When writer-director James Cameron makes an action/science-fiction/thriller -- like, say, "The Terminator" or "Aliens" or "The Abyss" -- he's not content to play safely within the conventions of the genre.
Each time out, Cameron twists, stretches and punches through the boundaries of the form.
"I think it's essential," Cameron said. "Why would people go and pay to see something they've already seen? A film should transport you in some way."
In "The Terminator," Cameron transported audiences to 2029, where a deadly cyborg is sent back in time to assassinate Sarah Connor (Linda Hamilton), the mother of the as-yet-unborn rebel leader, John Connor.
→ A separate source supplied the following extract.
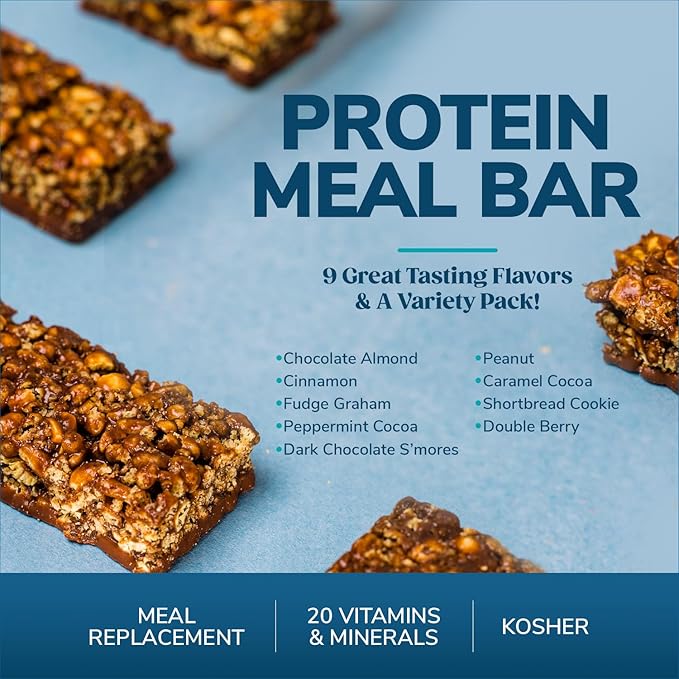 WonderSlim Meal Replacement Protein Bar, Peppermint Cocoa Crunch, 15g Protein, 20 Vitamins & Minerals, Gluten Free (7ct)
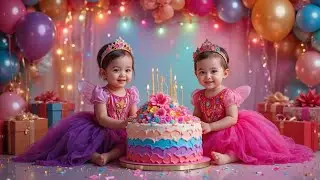 🎂 Happy Birthday to You | Twin Princess Birthday Party Celebration 2025👑✨#happybirthday #pink #viral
In "Aliens," he outdid the original by showing us not just one of the lethal, insect-like creatures, but a planetary infestation of the vermin. And in "The Abyss," he took us on a voyage to the bottom of the sea that was so breathtakingly authentic and suspenseful it had viewers gasping for air.
Now, in "Terminator 2: Judgment Day" (opening tomorrow nationally), Cameron's new model outperforms his 1984 original.
In the sequel, two Terminators are sent back in time to find the now-10-year-old John Connor: a T-800 model (Arnold Schwarzenegger), this time programmed to protect the boy; and an advanced "mimetic polyalloy" (liquid metal) T-1000 model (Robert Patrick), programmed to kill him.
Cameron says he's given up the idea of trying to keep secret the news that Schwarzenegger, who played the villain in "The Terminator," is the good guy in the sequel.
Schwarzenegger's T-800 is equipped with a learning chip that enables him to adapt better to human behavior.
"It's a curious thing. Something that occurred to me, watching the film, is that Arnold becomes more human as he is becoming more of a machine," Cameron said.
"At the beginning he looks 100 percent human and acts 100 percent like a machine. At the end he looks like a machine -- half his face is gone, his arm is ripped off, there's mechanics hanging out -- but he is more human. He's more human in his delivery and you believe him as a person, not just as a machine. I'd like to hope you do, anyway. It's a little 'Wizard of Oz,' you know? The Tin Man gets his heart."